Help your doctor help you manage your BP
Sometimes, patients are reluctant to be completely honest with their doctors, says Dr Verna. Some are reluctant to mention that they are taking certain herbal supplements or traditional Chinese medicine, while others are afraid to admit that they have stopped taking their prescribed medications, often because they feel well or from fears over side effects.
“It takes time for rapport to develop between a doctor and a patient, and it is common for them to leave out certain information during the first visit. Every Malaysian has their own home remedy or friends and family who recommend alternatives to medication. It usually takes several sessions for me to explain fully and help them to understand that everything has side effects, even herbal supplements. Some of them are even in denial that they have hypertension because they feel well,” she says. “However, at the end of the day, all my patients want to know what they can do to get their blood pressure under control.”

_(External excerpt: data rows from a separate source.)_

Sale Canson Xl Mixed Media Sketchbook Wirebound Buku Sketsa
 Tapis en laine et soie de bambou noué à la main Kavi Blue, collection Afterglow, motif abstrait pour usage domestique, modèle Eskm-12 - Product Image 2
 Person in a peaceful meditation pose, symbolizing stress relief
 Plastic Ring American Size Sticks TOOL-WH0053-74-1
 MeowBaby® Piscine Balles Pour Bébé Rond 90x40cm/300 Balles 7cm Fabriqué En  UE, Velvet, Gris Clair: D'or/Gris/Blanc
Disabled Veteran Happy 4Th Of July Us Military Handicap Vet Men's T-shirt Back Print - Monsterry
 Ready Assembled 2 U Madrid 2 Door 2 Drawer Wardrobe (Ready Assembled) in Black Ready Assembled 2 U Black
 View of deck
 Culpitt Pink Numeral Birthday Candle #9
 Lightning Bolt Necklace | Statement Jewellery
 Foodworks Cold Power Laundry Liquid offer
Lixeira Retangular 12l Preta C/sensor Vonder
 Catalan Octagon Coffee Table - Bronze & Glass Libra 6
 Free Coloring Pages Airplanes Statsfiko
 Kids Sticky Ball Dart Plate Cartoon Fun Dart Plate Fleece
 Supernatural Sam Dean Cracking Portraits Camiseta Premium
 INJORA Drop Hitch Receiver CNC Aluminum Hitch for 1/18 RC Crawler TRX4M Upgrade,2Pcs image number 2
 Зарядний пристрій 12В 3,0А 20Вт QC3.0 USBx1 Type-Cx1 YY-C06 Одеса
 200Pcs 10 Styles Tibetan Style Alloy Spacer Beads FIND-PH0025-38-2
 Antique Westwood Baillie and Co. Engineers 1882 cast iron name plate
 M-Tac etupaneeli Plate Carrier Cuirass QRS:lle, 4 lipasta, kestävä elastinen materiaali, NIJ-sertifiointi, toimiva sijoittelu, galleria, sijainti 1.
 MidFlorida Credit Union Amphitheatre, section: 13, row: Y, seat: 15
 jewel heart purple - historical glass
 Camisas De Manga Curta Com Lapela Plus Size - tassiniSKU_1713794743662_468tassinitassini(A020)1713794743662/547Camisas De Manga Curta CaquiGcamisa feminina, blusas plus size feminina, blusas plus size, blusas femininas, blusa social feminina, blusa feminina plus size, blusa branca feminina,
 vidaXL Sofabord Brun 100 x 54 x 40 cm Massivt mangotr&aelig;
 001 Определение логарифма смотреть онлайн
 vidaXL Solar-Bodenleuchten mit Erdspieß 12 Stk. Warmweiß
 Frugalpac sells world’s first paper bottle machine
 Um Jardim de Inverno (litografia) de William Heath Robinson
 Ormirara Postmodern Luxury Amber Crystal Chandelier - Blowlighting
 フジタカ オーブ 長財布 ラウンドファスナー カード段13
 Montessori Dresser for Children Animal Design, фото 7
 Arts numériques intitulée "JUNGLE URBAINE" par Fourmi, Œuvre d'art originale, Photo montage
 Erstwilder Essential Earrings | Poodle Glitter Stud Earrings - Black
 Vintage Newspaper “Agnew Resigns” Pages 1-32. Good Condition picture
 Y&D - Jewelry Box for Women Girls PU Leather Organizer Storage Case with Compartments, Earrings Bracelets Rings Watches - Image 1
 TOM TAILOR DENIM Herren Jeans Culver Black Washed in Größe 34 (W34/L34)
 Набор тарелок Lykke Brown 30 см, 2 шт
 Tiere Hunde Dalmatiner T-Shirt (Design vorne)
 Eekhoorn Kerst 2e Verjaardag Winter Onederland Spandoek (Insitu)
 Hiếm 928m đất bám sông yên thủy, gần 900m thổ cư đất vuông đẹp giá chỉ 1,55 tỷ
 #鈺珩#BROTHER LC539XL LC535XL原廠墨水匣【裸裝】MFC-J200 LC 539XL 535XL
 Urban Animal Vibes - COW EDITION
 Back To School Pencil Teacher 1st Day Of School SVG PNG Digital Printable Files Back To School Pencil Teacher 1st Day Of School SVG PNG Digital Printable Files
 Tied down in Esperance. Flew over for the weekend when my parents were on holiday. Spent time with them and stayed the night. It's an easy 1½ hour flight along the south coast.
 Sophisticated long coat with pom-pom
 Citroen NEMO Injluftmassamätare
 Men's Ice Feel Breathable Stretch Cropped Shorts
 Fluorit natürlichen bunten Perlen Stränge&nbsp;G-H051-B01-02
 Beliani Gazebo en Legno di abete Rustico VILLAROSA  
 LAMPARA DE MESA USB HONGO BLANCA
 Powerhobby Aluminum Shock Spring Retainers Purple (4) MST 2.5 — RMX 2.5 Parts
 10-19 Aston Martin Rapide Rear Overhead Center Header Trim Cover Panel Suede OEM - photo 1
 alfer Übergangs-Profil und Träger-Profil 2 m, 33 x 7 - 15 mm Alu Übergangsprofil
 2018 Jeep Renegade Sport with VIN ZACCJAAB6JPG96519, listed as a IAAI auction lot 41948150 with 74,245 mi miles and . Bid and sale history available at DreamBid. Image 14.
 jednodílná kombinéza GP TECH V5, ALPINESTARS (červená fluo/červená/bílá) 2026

Being open about your overall wellness, family history of hypertension and lifestyle habits will help your doctor help you. For example, explains Dr Verna, conditions like anxiety or depression that affect a person’s emotional state can also elevate blood pressure or make hypertension more difficult to control. While these conditions do not cause hypertension, it is important to seek treatment for these conditions as well.
Your doctor can assist you in setting measurable targets using your blood pressure readings and help you plan for sustained weight management, both of which will support the action of any medications that are prescribed.
“There is a silver lining with hypertension: it can be reversed with the necessary lifestyle changes. You can start by taking small measures such as using the stairs instead of an elevator or parking farther away from your destination in order to walk and move more, and reducing the amount of sauces and gravies in your daily diet as these are often high in sodium. While this takes discipline and time, it is possible to manage blood pressure without the use of medications in the long run,” says Dr Verna. “In the meantime, it is important for you to take the medication that your doctor has prescribed, without changing the dose or frequency as you wish. Hypertension is a chronic condition and daily medication is important to manage it.”
Dr Verna also reassures patients that there are different types or classes of medications available to treat hypertension, and should a patient experience any side effects such as allergy, cough, erectile dysfunction, headache, swelling or water retention, their doctor can recommend alternatives.
Lastly, she cautions hypertensive patients not to become complacent just because they feel good. “Doctors cannot predict what kind of complications you might develop, so being diligent about controlling or managing your blood pressure levels is essential, in addition to keeping yourself in good health by eating a balanced diet, getting enough exercise and maintaining a healthy body weight.”